--- RECORDS ---

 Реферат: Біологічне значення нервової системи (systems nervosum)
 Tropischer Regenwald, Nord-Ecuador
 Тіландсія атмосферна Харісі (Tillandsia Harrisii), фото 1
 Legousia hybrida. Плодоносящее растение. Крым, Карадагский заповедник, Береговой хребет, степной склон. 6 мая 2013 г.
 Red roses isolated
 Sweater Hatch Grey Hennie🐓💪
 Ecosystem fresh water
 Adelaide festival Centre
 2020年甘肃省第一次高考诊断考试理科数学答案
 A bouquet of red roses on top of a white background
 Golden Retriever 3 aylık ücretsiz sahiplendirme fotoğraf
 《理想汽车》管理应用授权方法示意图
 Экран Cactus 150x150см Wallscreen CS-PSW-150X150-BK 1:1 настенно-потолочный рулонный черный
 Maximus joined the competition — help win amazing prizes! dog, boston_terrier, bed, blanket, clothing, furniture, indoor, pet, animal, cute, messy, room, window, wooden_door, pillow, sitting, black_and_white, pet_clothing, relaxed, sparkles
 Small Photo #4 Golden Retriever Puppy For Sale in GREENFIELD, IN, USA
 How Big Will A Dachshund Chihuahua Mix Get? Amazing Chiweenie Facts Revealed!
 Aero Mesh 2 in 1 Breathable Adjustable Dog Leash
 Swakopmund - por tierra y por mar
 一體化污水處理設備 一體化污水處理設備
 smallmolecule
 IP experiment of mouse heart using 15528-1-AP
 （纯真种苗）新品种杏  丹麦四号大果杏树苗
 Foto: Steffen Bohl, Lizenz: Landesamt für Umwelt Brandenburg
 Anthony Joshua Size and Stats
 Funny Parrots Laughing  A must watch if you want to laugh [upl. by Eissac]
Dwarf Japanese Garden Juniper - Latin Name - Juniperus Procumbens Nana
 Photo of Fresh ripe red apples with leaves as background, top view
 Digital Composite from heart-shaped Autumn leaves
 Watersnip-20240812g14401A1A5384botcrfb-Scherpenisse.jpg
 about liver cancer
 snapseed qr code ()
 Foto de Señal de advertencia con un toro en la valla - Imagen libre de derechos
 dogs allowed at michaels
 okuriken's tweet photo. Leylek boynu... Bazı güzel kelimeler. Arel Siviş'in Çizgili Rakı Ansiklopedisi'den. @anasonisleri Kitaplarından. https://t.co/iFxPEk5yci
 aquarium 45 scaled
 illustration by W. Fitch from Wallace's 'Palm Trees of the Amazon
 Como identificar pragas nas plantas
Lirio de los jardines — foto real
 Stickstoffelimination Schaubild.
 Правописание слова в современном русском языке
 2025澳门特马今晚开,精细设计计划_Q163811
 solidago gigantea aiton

---

Each line from the one containing "Правописание слова в" through the last line of the material must be restated word for word, with no other text.

 Правописание слова в современном русском языке
 2025澳门特马今晚开,精细设计计划_Q163811
 solidago gigantea aiton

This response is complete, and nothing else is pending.